The best of India’s companies and banks are in a spot as the pandemic-related lockdown brings business to a halt. In an economy ravaged by paycuts and lay-offs, experts expect financiers — both for consumer and corporate loans — to see delayed repayments and probably even defaults.
Even otherwise, consumption demand for large-ticket items like homes and high-priced durables is expected to remain anaemic for the rest of the year while investments are likely to come to a complete standstill pressuring revenues and cash flows across India Inc. Corporate India’s finances already look far more stretched than they did even a month back.
At 21 downgrades a day between January and now, compared with 15 downgrades a day between January and mid-March, the deterioration in companies’ financial health has been rapid. The pain isn’t about to end anytime soon; Crisil believes downgrades will continue to outnumber upgrades in 2020-21 following the economic impact of the Covid-19 pandemic.
Last Friday, S&P Global Ratings lowered the ratings on Shriram Transport Finance to ‘BB’ from ‘BB+’ as it expects funding conditions could tighten amid challenging operating conditions and weakness in asset quality. The outlook for Bajaj Finance, too, was also revised to negative as it was for Manappuram Finance, Muthoot Finance and Power Finance Corporation. It wasn’t just NBFCs, S&P believes banks too could be impacted by heightened economic risks.

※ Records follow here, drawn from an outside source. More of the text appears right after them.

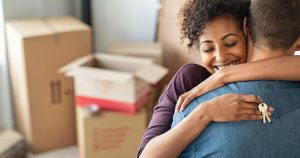 A man hugs a woman as she holds keys to their new home over his back in front of a stack of moving boxes.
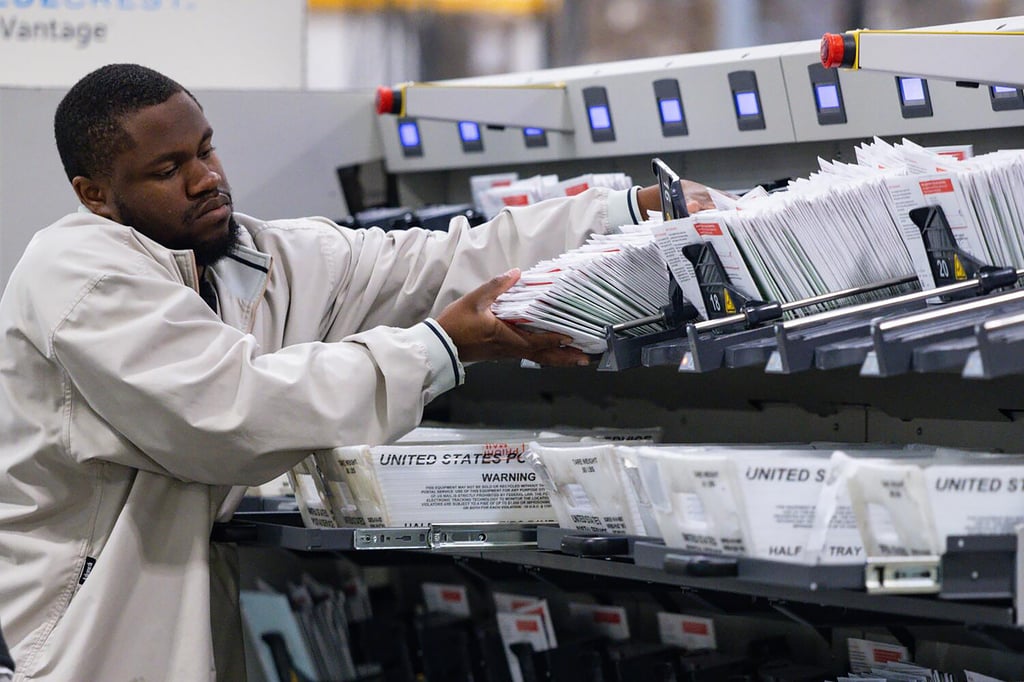 A worker puts ballots in a counting machine at the Los Angeles County Ballot Processing Centre on June 3. Photo: TNS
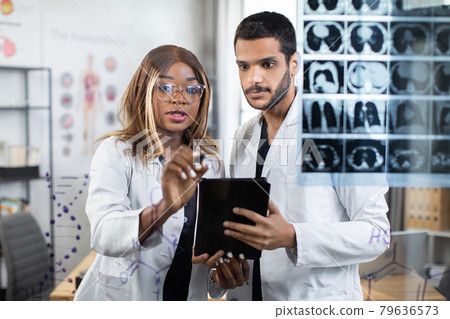 Multiracial doctors examining tomography of patient standing near glass wall Multiracial doctors examining tomography of patient standing near glass wall 79636573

The rating outlooks for Axis Bank and ICICI Bank were revised to negative.
From JSW Steel to Tata Motors and to a clutch of NBFCs, including IndiaInfoline Finance, businesses across sectors are being monitored by ratings agencies. In the first four months of 2020, close to 2,240 firms have been downgraded, while only 439 have been upgraded. Among the worst-hit sectors are textiles, real estate, hotels, automobiles and auto parts. The disruption to the economy due to the extended lockdown would hit, not just hurt, local demand but also demand from overseas thereby damaging India’s exports.